As businesses continue to adapt to COVID-19, so does the process and focus on M&A activity in this new environment. I recently moderated a panel on How to Get a Deal Done During COVID-19 at the Business Transitions Forum East Conference 2020, which looked at some of the key business and legal issues companies are dealing with in M&A.

I was joined by:

  • Jason Sellakumar, Associate Director at First West Capital in Toronto. First West is a Canadian capital provider that offers junior capital to Canadian mid-market businesses.
  • Ian Macdonell, Managing Director at Crosbie & Company in Toronto. Crosbie is an independent, long-standing corporate finance and M&A advisory firm, focused on the mid-market.

Here are the key takeaways from the panel discussion.

Conducting Due Diligence

The most notable changes in how due diligence is being conducted in a non face-to-face environment are:

  • An increased level of focus placed on stakeholder communications to gain a better understanding of who the management team.
  • A new importance of a company's ability to pivot, be resilient and navigate through change.
  • Looking beyond profit margins and the financial ratios of a business. Potential buyers want to know how the key functions of a company will continue running smoothly through business disruption.
  • The basics of legal due diligence have largely remained the same, but there are new in-the-moment COVID-19 issues to consider. Employment wage subsidies from the federal government need to be recognized as an audit risk, and there are new workplace risks in maintaining safe environments for employees and customers.

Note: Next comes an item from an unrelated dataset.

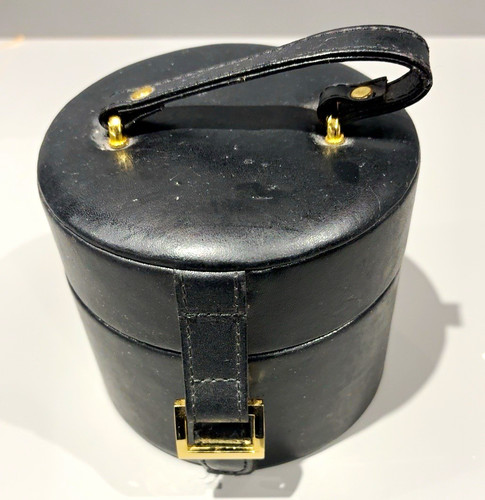 Round black faux - black,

Privacy issues, contact tracing and benefits coverage need to be considered as well.

Financing Deals

There are positive indications that buyer interest is returning, much of it now is sector and situation specific. Businesses that held up well during the pandemic are in high demand. Companies that have benefitted from COVID-19 also attract interest—but there are issues about post-pandemic sustainability in terms of performance. For companies that have struggled during COVID-19, especially in the industries that have been hardest hit, it is tougher to do deals right now. In the near-term, M&A activity will likely be driven by willing sellers more than buyers.

Other trends include:

  • The structuring of deals is more conservative right now. There are more earn-outs in mid-market deals to help address the uncertainty of future performance.
  • Financing is more conservative, with more equity and less debt.
  • Looking ahead, expect to see more vendor financing, with both debt and rolled equity.
  • Rolled equity is popular now in the private equity market at any size of transaction. Rolled equity serves a strategic role in incentivizing management and founders.

Normalizations and COVID-19

When it comes to normalizations during COVID-19, for many lenders it comes down to the strength and tenure of their relationship with a management team. Lenders that truly understand a company's business and the challenges it is facing are more likely able to help with normalizations.

The biggest challenge with COVID-19 normalizations in M&A is that we are still experiencing the impacts of the pandemic. Some buyers are more receptive than others to normalizations right now. Evidence of a strong economic recovery will help support the case for COVID-19 normalizations. Without this, it will be a tougher sell.

Normalization adjustments have to be explained clearly, with what happened and why, and they need to be quantified.

Technology and Overcoming a Non Face-to-Face Environment

There is no question that buyers and sellers miss the face-to-face that comes with sitting across the table from each other when making a deal. But the M&A sector is adapting to getting things done with less in-person meetings. Being resourceful will be a key to working through the pandemic world.

Management meetings are being held online and can be efficient and effective. Site tour videos are being shot and shared with interested buyers. Recent experience has shown that the bulk of transaction due diligence can be done remotely. Sales processes will keep adapting and the best practices of virtual deal-making will likely become a new part of doing M&A in a post-pandemic world. On the other hand, recent experience has also underscored the lasting value of creating personal relationships as part of successful deal-making.